Task statement: Set down exactly, with nothing added, the lines from the one containing "ɵԱղ棨Neven Subotic" through the end of the entries.

· · · · · · ·

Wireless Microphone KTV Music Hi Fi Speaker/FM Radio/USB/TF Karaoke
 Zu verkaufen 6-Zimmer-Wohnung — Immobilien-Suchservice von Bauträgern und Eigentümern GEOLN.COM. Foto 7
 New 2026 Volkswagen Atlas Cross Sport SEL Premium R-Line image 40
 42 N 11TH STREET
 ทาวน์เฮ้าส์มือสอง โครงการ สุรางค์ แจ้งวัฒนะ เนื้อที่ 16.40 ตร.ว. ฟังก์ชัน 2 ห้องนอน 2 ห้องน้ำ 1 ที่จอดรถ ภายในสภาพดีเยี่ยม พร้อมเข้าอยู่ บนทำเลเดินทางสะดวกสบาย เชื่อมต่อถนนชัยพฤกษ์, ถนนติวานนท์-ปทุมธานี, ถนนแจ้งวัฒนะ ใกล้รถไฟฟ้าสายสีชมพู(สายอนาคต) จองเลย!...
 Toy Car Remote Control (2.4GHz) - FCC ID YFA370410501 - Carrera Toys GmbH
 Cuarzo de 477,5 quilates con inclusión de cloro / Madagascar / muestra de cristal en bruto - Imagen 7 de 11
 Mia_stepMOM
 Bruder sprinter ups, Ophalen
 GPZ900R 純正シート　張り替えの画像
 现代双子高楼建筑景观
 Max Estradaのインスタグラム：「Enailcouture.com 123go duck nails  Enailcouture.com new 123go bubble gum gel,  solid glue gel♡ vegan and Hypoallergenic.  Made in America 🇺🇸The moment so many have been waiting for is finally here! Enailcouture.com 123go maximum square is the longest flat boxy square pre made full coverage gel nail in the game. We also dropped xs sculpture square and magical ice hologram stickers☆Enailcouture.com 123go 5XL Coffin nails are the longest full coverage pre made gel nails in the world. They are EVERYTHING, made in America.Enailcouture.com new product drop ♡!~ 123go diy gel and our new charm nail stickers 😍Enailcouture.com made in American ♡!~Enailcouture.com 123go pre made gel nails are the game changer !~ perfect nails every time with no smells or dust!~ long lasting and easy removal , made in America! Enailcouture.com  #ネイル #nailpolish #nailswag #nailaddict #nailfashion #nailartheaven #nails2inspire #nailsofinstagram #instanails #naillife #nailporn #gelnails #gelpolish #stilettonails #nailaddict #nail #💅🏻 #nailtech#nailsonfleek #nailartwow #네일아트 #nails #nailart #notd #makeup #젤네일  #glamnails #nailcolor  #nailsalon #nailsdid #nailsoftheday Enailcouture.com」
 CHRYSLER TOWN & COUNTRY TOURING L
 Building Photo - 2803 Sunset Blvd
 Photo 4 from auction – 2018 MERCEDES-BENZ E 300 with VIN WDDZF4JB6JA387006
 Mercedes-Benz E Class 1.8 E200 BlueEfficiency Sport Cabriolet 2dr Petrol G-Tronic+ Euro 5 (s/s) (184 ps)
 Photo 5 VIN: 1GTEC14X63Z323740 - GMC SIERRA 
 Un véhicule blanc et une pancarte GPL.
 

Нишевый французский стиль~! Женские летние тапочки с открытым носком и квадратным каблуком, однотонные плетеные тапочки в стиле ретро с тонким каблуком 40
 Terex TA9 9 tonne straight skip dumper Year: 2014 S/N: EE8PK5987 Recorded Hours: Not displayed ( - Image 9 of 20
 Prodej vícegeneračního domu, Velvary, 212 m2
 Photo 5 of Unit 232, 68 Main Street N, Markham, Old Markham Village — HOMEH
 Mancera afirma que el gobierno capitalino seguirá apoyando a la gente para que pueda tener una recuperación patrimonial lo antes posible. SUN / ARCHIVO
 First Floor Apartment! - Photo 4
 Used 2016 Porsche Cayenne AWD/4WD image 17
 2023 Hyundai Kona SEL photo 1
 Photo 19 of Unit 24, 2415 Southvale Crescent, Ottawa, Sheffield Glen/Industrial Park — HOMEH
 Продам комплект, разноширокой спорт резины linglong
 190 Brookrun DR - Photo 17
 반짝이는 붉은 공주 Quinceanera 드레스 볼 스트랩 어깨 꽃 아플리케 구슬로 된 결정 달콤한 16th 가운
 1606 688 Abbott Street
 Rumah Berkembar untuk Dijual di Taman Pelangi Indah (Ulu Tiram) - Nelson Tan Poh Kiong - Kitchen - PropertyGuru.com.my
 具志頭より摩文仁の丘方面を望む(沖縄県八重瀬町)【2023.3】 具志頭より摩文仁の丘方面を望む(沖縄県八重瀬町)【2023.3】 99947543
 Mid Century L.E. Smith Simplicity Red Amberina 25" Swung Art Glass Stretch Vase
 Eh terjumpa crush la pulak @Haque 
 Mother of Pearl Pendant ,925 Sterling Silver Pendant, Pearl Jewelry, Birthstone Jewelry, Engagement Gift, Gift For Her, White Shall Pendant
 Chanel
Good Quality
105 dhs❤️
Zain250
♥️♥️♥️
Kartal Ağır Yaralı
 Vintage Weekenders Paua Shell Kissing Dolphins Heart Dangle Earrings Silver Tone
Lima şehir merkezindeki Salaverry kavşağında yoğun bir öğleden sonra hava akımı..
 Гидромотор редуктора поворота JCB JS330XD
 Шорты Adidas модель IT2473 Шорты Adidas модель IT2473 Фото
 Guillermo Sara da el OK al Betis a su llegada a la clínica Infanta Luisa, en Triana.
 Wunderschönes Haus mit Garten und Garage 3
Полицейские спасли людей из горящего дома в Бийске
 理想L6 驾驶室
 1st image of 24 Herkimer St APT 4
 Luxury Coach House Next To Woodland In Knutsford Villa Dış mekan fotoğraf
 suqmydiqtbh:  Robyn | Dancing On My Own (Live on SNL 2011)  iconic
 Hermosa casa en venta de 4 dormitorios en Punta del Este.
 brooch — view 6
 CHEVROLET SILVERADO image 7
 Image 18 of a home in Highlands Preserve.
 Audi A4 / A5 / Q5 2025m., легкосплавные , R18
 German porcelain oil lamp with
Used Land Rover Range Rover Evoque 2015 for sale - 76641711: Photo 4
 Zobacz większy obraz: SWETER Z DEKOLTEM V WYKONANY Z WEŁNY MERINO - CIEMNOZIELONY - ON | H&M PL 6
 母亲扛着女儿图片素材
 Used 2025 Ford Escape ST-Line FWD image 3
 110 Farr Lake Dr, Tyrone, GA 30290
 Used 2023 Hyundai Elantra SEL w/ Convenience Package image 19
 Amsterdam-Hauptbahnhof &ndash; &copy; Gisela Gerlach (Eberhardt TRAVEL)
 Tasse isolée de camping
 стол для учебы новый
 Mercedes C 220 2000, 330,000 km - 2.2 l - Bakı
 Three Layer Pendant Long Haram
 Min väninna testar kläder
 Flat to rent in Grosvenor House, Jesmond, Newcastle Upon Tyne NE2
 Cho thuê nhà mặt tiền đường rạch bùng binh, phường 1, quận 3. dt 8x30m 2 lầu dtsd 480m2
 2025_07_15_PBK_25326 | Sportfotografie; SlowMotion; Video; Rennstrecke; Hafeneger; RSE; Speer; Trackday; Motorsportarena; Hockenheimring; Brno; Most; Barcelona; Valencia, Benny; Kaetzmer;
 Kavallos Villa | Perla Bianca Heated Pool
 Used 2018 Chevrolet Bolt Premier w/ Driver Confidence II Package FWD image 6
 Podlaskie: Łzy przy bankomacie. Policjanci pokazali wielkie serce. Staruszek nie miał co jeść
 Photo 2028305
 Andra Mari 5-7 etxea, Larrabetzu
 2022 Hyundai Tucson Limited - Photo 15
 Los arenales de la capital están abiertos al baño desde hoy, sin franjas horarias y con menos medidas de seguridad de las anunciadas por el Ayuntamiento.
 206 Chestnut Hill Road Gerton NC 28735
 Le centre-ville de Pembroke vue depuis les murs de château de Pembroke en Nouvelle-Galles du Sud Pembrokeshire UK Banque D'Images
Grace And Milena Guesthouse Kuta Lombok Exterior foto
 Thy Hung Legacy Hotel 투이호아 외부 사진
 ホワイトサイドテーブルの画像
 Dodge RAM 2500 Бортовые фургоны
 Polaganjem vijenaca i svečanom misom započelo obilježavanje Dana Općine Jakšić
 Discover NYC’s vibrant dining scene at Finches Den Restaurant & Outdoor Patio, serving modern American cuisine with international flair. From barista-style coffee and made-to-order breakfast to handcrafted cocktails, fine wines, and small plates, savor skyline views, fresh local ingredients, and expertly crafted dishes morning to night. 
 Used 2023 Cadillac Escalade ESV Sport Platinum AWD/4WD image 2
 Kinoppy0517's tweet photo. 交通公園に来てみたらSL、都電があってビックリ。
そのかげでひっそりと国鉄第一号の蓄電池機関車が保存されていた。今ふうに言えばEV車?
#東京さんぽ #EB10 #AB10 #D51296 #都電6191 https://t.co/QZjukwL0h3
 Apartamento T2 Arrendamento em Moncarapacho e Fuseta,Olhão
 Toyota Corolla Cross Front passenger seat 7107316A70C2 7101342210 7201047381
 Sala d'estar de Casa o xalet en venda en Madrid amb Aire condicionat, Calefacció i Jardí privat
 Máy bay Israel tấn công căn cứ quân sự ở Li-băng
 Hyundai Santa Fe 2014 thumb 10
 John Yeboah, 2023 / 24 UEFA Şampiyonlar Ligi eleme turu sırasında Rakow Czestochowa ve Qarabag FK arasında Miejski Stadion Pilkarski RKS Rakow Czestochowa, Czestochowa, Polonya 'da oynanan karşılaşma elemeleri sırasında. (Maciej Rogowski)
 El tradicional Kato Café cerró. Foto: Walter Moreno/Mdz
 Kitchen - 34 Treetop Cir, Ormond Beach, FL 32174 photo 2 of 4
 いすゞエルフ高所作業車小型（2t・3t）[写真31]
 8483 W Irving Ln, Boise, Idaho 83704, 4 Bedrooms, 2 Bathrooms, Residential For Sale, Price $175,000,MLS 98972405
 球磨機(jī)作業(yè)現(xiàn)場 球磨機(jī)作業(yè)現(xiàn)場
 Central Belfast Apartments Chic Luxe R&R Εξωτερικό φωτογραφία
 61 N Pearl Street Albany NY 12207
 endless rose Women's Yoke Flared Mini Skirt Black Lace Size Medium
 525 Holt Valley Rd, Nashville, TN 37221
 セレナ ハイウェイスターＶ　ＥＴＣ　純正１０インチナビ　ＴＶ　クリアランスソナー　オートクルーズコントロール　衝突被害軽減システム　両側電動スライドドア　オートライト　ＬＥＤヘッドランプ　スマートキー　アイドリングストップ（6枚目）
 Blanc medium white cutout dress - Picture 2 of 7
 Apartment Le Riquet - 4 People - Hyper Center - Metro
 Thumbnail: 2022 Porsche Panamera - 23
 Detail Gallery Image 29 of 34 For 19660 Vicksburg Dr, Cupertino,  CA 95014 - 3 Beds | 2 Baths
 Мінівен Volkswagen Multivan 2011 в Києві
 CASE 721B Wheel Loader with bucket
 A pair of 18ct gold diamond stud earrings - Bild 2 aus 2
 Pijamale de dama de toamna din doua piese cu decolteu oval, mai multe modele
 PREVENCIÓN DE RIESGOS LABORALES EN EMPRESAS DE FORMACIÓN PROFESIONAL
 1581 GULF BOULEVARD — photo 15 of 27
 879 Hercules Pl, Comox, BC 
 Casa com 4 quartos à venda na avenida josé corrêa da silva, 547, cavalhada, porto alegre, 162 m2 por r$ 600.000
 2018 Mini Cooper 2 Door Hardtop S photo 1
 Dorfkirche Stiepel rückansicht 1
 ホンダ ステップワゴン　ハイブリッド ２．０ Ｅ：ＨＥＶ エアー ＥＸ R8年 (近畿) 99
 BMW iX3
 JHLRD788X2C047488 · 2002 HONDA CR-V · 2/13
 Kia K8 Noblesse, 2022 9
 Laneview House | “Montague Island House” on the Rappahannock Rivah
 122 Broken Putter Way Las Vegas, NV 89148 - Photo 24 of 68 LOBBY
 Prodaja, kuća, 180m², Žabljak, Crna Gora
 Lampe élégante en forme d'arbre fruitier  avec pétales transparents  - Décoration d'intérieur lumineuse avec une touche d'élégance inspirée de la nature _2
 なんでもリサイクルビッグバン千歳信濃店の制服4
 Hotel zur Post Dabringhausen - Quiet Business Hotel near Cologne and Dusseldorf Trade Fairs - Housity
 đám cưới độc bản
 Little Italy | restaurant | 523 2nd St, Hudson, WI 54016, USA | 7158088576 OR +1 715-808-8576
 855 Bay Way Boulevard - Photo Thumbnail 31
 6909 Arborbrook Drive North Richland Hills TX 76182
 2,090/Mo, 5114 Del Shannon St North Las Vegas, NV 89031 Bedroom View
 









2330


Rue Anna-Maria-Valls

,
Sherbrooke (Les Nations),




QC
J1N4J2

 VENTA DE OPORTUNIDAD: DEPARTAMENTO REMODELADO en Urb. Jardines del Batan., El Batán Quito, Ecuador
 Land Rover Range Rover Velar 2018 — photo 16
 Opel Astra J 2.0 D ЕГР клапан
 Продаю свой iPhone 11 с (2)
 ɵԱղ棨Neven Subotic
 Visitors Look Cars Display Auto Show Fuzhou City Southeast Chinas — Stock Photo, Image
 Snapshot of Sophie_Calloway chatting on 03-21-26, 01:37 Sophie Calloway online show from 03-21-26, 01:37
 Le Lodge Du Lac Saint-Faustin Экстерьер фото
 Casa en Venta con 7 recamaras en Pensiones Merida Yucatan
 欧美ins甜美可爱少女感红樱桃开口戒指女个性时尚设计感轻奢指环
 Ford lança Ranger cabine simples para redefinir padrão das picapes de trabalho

· · · · · · ·

Task answer:
 ɵԱղ棨Neven Subotic
 Visitors Look Cars Display Auto Show Fuzhou City Southeast Chinas — Stock Photo, Image
 Snapshot of Sophie_Calloway chatting on 03-21-26, 01:37 Sophie Calloway online show from 03-21-26, 01:37
 Le Lodge Du Lac Saint-Faustin Экстерьер фото
 Casa en Venta con 7 recamaras en Pensiones Merida Yucatan
 欧美ins甜美可爱少女感红樱桃开口戒指女个性时尚设计感轻奢指环
 Ford lança Ranger cabine simples para redefinir padrão das picapes de trabalho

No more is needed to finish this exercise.